Nel 1985 Alberto Moravia ha 78 anni, circa 60 anni prima, aveva scritto “Gli indifferenti” forse il suo romanzo-feticcio che lo impone agli occhi della critica. Autore molto prolifico, da tempo uno dei suoi temi ricorrenti è il sesso e le sue implicazioni nella psiche degli esseri umani.
Quell’anno esce quello che sarà il suo terz’ultimo romanzo “L’uomo che guarda” un viaggio nel mondo oscuro e ammaliante dei sensi.
E’ la storia di Dodo, un marito voyeur e di sua moglie, la spregiudicata Silvia:
” Dodo un bell’uomo sui trentacinque anni, ma non (…) un uomo bello”. Tranne qualche rara eccezione, le sue giornate si svolgono così: si alza la mattina molto presto, si lava e rade, si veste da intellettuale, scende a comprare i giornali, risale in casa e prepara la colazione per suo padre, professore universitario anche lui ma di Fisica, “un uomo bello ma non un bell’uomo” costretto a letto dai postumi di un incidente stradale. Alle 8 arriva il fisioterapista e Dodo ne approfitta per uscire. Dopo una veloce colazione al bar (perché non faccia colazione assieme al padre se lo domanda anche lui ogni santo giorno), prende l’automobile e si reca all’università. Alle 13 è già a casa: la sua ben remunerata giornata di lavoro è finita. Pranza con il padre e la moglie Silvia su di un tavolinetto poggiato sul letto dell’infermo, poi va a fare un riposino con lei nella loro camera in fondo al corridoio tappezzato di libri e spesse volte finisce che fanno l’amore, sempre con lei sopra e Dodo sotto. Un’oretta di siesta e poi Dodo ama fare una passeggiata fino al Lungotevere: da lì contempla sempre la cupola di S. Pietro, fantasticando ogni volta su un’esplosione nucleare, e a volte spia con interesse una donna di colore che abita nei pressi. Dalle 17 all’ora di cena Dodo sta in casa da solo. Silvia esce sempre con le amiche, il padre riceve la visita di donne anziane o mature che Dodo intuisce essere state sue amanti o esserlo ancora. Probabilmente durante queste visite succede sfuggevolmente anche qualcosa di sessuale, ma lui può solo intuirlo perché se ne sta all’altro capo dell’immenso appartamento di Prati ad ascoltare musica classica, a leggere, a rimuginare, a sonnecchiare. Alle 21 va a cena a ristorante con Silvia, spesso dal cinese vicino casa: suo padre intanto mangia con l’infermiera, una giovane formosa dai capelli cortissimi. Mentre Dodo si ingozza di pollo e germogli, Silvia parla, parla, parla… Dopo cena i due vanno sempre al cinema e se non hanno fatto l’amore durante il riposino pomeridiano Silvia immancabilmente approfitta del buio della sala per masturbare il marito o praticargli un pompino: la donna pare pensare che non deve passare giorno senza rapporto sessuale”.

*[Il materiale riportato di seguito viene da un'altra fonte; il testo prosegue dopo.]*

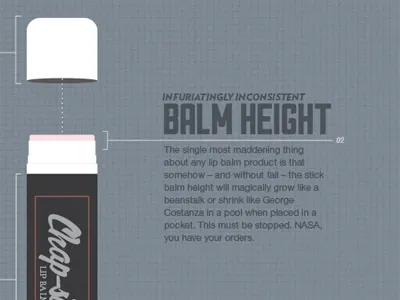 Pocket Item No.1 - Chapstick balm blue chap stick gray illustration items lip pocket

Autore quasi di culto tra gli anni sessanta e settanta dello scorso secolo Moravia attraversa una fase in cui pare dimenticato e sottovalutato e merita una riscoperta anche non attraverso un capolavoro assoluto quale “L’uomo che guarda”, dove però sono presenti temi che toccano il nostro intimo e le nostre angosce come, in questo caso, il sesso osservato più che praticato e la paura del nucleare, che proprio negli anni ottanta aveva visto un’inquietante recrudescenza dovuta al confronto USA-URSS.